EXERCISE INSTRUCTIONS -
Among the entries below, find the line with "Wooden kitchen utensils" and the line with "Merriam Studded Kitten". Return exactly those lines and every line between them, but no pictures.

DATA RECORDS -
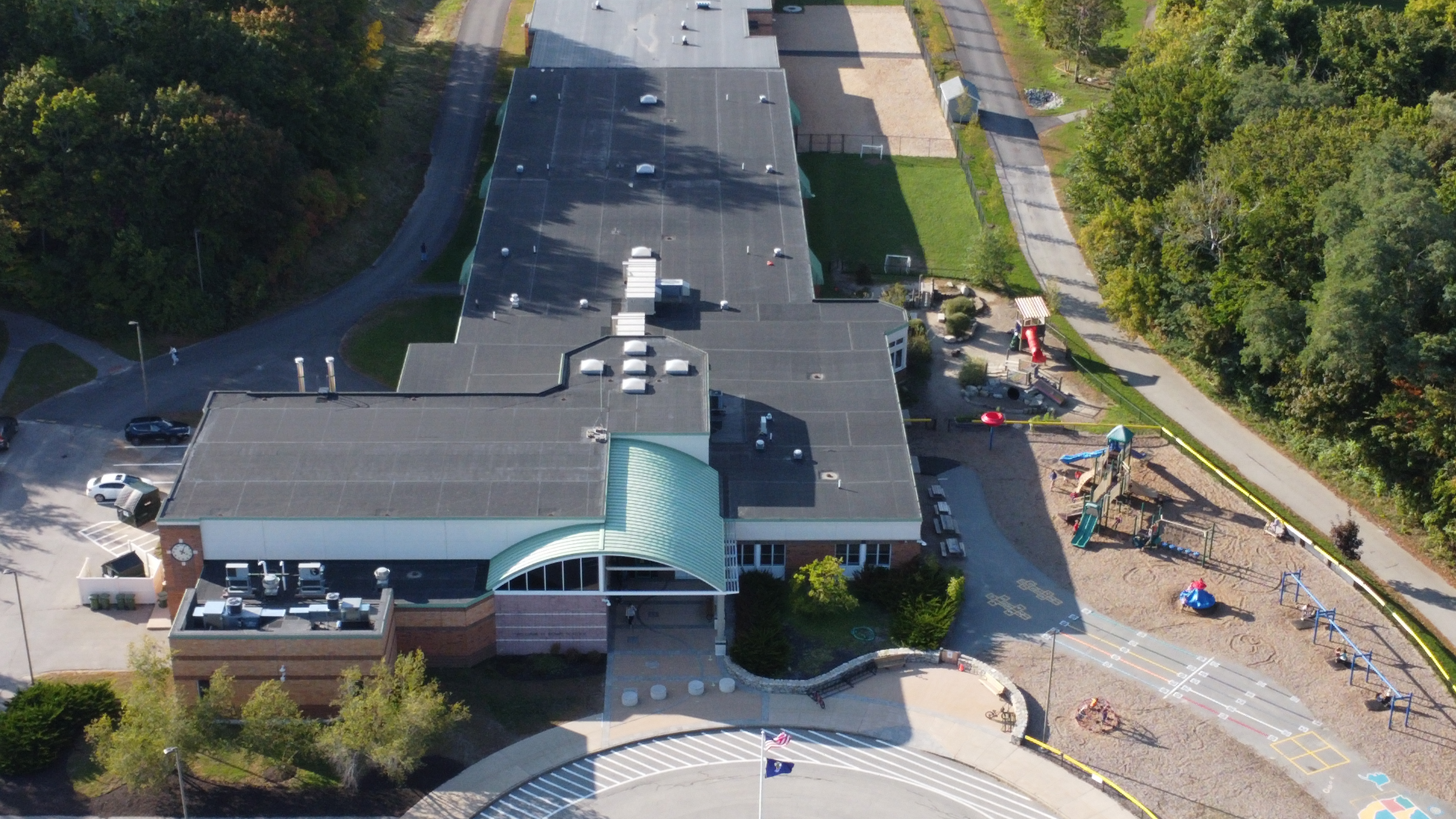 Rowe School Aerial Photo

--

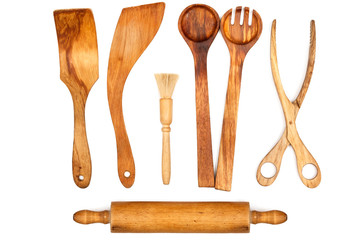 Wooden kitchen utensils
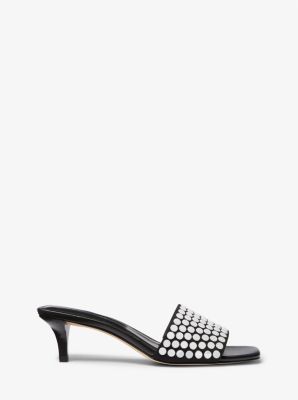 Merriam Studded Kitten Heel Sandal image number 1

SOLVED PROBLEM -
 Wooden kitchen utensils
 Merriam Studded Kitten Heel Sandal image number 1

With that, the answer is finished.